Training paid for by employers – tax treatment
Where training is paid for by the employer, the tax situation is different. On the whole, training which enables employees to better do their jobs will be tax deductible. This even includes general training, which may not have an immediate impact on their work.
In tax terms, it is therefore better for employees to ask their employers to pay their training expenses where possible, perhaps using a salary sacrifice scheme where necessary.
Allowable training expenditure
There is no restriction on the way the training can be delivered. Self-tuition packages, computer based training, distance learning, work experience or work placement and informal teach-ins are all acceptable as are more formal classroom based methods. It does not matter whether training is delivered internally or externally, or on a part-time or full-time basis.

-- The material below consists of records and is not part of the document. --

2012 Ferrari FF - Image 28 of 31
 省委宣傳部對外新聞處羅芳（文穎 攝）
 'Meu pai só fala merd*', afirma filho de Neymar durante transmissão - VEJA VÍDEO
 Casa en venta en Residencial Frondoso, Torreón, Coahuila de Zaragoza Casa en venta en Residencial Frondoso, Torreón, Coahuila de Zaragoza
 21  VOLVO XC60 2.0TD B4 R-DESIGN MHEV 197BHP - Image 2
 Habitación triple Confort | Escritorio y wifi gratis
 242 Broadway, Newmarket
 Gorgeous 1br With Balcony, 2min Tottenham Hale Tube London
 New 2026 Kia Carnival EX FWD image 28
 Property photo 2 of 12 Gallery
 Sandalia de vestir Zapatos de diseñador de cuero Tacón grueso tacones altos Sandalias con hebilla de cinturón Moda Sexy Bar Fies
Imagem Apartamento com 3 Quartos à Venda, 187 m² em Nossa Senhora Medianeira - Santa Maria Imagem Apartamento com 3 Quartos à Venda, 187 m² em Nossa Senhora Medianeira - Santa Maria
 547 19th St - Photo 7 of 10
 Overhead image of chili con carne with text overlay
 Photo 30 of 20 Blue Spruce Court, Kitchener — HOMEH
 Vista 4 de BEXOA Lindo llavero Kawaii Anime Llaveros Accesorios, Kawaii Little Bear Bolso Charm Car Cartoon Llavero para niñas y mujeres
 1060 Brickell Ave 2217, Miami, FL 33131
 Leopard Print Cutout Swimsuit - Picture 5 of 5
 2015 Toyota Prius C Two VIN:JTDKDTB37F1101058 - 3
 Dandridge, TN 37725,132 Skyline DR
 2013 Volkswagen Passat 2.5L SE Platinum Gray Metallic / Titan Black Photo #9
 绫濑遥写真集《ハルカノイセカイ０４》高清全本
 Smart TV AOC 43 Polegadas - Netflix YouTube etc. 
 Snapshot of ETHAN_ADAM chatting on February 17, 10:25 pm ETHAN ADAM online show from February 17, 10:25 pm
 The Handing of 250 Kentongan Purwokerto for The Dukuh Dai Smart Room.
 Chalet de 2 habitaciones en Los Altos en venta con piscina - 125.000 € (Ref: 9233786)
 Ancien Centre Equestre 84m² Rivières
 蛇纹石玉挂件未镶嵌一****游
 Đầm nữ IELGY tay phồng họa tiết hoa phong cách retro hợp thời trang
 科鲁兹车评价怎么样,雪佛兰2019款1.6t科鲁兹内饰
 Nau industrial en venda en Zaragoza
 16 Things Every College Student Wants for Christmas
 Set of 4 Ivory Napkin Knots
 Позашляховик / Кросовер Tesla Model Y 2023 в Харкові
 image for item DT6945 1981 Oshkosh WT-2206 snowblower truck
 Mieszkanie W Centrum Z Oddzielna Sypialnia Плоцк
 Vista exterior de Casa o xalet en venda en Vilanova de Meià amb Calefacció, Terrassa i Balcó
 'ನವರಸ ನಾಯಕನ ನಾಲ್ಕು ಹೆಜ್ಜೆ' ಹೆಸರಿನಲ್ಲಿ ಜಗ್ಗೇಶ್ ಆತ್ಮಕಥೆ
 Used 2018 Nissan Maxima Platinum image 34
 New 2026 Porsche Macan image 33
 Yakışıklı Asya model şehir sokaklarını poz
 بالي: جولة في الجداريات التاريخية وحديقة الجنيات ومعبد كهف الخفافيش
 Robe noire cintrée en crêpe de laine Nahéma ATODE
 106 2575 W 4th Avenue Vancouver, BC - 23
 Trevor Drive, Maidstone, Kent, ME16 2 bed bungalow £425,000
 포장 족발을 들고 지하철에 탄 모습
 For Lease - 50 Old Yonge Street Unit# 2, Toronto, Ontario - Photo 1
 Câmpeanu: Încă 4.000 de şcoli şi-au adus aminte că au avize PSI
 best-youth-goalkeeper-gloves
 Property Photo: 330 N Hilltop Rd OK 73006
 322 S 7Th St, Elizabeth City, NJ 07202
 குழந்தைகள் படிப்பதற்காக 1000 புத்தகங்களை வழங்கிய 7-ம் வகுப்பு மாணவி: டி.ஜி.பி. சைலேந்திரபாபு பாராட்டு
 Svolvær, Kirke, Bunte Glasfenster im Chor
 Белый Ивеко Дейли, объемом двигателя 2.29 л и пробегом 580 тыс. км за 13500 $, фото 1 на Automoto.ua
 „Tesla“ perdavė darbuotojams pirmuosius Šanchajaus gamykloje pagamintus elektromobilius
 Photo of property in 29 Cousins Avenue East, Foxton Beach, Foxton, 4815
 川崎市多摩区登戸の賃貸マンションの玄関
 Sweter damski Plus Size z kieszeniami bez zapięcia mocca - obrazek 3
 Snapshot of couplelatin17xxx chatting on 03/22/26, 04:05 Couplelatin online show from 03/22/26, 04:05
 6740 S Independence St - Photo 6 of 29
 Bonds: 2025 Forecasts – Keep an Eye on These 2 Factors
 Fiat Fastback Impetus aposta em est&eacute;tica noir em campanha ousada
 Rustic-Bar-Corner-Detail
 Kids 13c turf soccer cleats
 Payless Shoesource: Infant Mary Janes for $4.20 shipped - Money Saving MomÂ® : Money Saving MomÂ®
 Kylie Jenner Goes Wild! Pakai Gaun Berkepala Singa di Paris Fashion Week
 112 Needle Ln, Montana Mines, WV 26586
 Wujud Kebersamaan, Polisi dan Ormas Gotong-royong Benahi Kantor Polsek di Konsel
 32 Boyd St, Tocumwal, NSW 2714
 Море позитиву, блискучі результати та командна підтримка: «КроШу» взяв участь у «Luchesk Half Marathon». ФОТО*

A wide range of practical and/or theoretical skills will qualify for exemption so long as the skills are relevant to the employee. Where leadership and team skills are appropriate to the employee, participation in activities such as Outward Bound, Raleigh International, or Prince’s Trust will qualify. Work related first aid and health and safety courses will also qualify.
Some employers operate Employee Development Schemes, often aimed at those employees with low skills levels. These seek to improve an employee’s attitude towards training by commencing with enjoyable courses as an introduction to more concentrated job-related training. All elements of genuine schemes will qualify.
Employers must take care to ensure that they do not provide an employment inducement which is not in any way connected with acquiring knowledge, skills, or personal qualities which satisfy the definitions of work-related training. For example safe-driver training, taken up by those with a company car, would qualify whereas a day of Formula 1 driver training would not.
Training expenses include books and specialist software related to the subject matter as well as travel expenses to an from the training venue.
Self-employed – a complex area
The tax situation is different again for self-employed workers, who can deduct as allowable business expenses, the costs of training that helps improve the skills and knowledge used in their business (for example, refresher courses and training required to maintain membership of a professional body). The training courses must be simply related to the business.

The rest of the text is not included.